The award, first given in 1998, honors the memory of Elizabeth Zintl, an accomplished writer and journalist who served as chief of staff to the UVA president until her untimely death in 1997 at age 45. It recognizes a female employee who has given an “unusually high degree of service to the University, within and beyond the expectations of the position” and “whose excellence in work makes a direct and significant impact on the core academic enterprise.”

One of the first awards went to Sylvia Terry, then associate dean in the Office of African-American Affairs, who founded the Peer Advisor Program, which came to be nationally recognized and contributed to UVA having the highest Black graduation rate among flagship public universities.

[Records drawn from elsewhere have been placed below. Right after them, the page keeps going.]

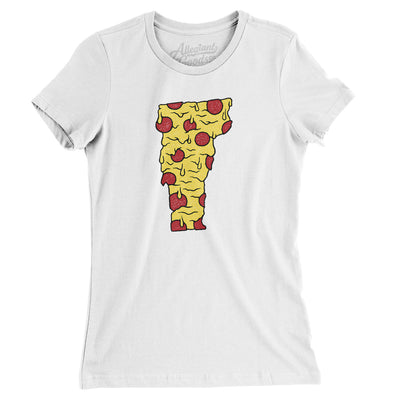 Vermont Pizza State Women's T-Shirt-White-Allegiant Goods Co. Vintage Sports Apparel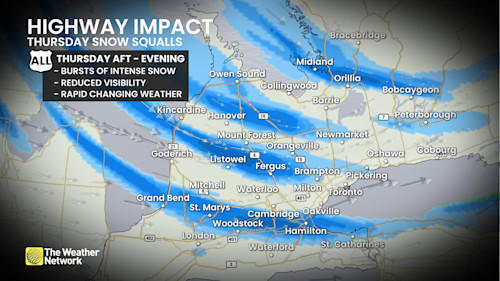 Lake-effect snow squalls could bring up to 50 cm to parts of southern ...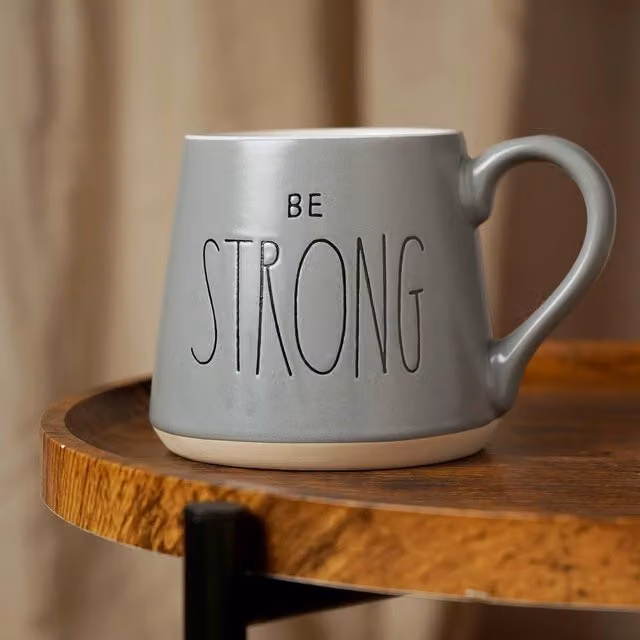 Serenity Be Strong Ceramic Mug in Grey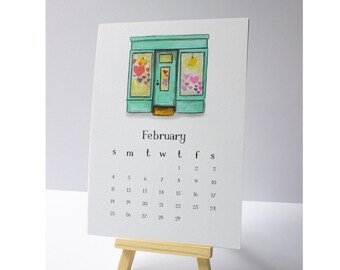 2024 desk calendar, calendar 20244, calendar 2024 wooden stand, 5x7 calendar, wooden stand, watercolor calendar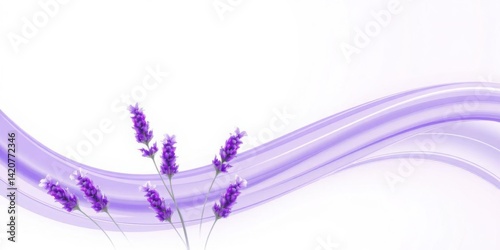 Lavender Flowers on Purple Wave Background Spa Serenity Nature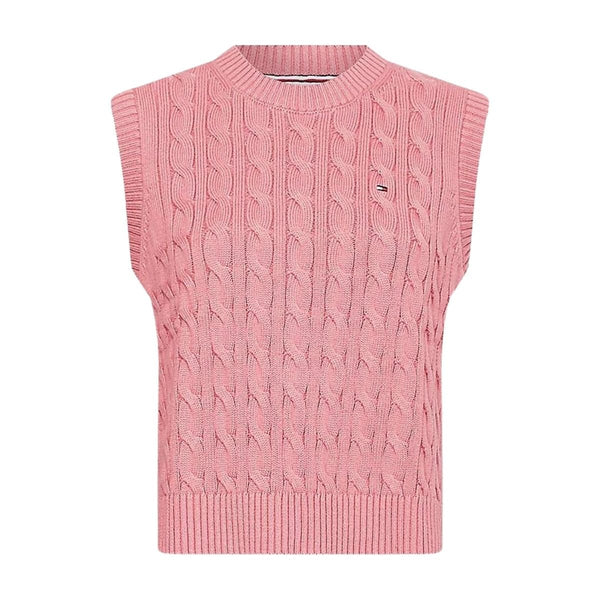 Gilet Donna Girocollo trama a trecce Rosa TOMMY HILFIGER- Francavilla Moda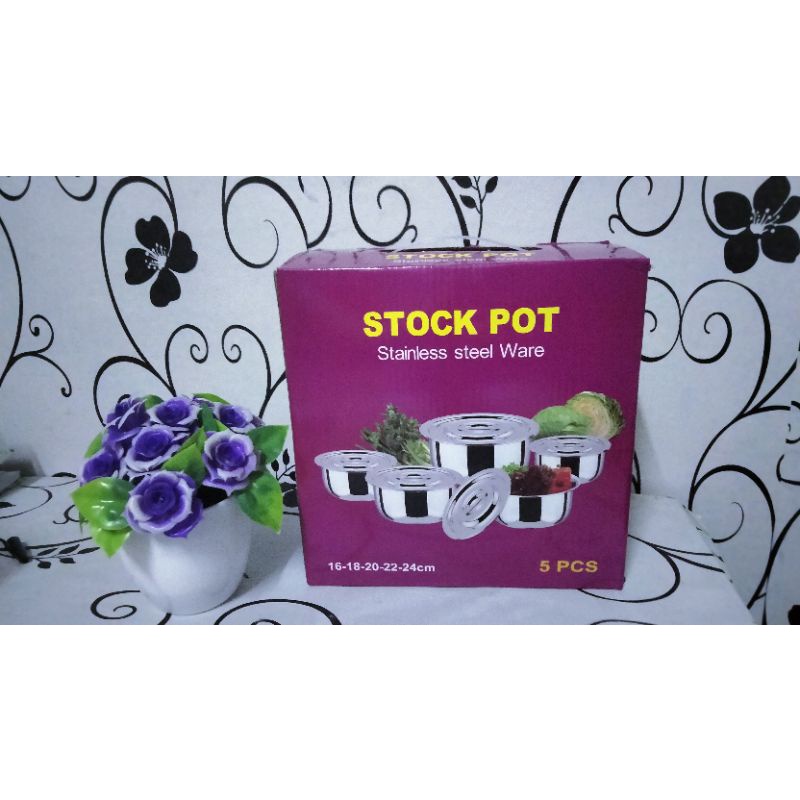 Stock pot panci india 5 pcs ukuran 16 cm - 24 cm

Awardees for the five years prior to 2020 were: in 2019, Nursing School Dean Dorrie Fontaine (now retired); Deborah McDowell, director of the Carter G. Woodson Institute of African-American and African Studies and Alice Griffin Professor of English (2018); Rachel Most, associate dean for undergraduate academic programs and archaeology professor (2017); Pamela Norris, Frederick Tracy Morse Professor of Mechanical and Aerospace Engineering (2016); and Farzaneh Milani, who has chaired the Department of Middle Eastern and South Asian Languages and Cultures and directed the Women, Gender, and Sexuality Program (2015).